A recent visit to Berlin by members of the project team sparked ideas for new research paths and creative collaborations which are now taking shape.
As a result of an inspiring visit to the Schloss Freienwalde, the University of Oxford's Knowledge Exchange Support Scheme has awarded Abigail Green with a grant for an exciting new initiative: 'Artists to Fill the Gap: Commemorating Walter Rathenau in a Jewish Country House'.
Schloss Freienwalde
The project will work with Berlin-based international arts consultancy urKultur to develop an artistic project linking Schloss Freienwalde in Germany with other Jewish country houses through a sustained programme of artistic activity. Schloss Freienwalde was the former home of Weimar statesman and aesthete Walther Rathenau, and 2022 marks 100 years since his assassination. A leading contemporary artist, will create site-specific work at Freienwalde to communicate its unique and complex history to younger, more diverse audiences.
We are delighted that Schloss Freienwalde will also soon be joining our online heritage route, 'Palaces, Villas and Country Houses'.
Villa Liebermann
Our established partnership with the Villa Liebermann has entered a new phase with the announcement of a new Collaborative Doctoral Award (Private actors, public memory and provenance research: Contextualising the Liebermann-Villa, Berlin'). a unique opportunity to explore how the German heritage landscape is being transformed by this shift towards private actors carrying out provenance research, through a focus on the Liebermann-Villa in Berlin, a private museum dedicated to the German-Jewish painter Max Liebermann (1847-1935) and run by the Max Liebermann Society. The successful candidate is now being appointed.

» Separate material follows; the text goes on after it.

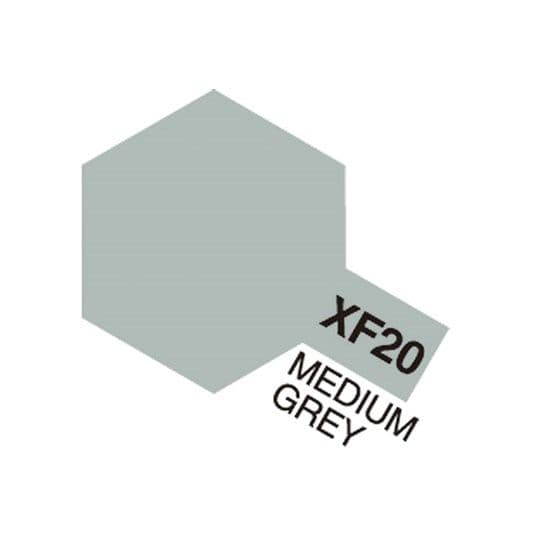TAMIYA Akryl Mini XF-20 Medium Grå 81720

Finally we are delighted that the iconic German-Jewish refugee publication Aufbau, has devoted a special issue to the theme of international Jewish Country Houses and features essays by members of the project team and our colleagues. The inspiration behind this issue came from Monica Strauss, who discovered the connection between her own family's refugee story and the National Trust's Ightam Mote thanks to the JCH project.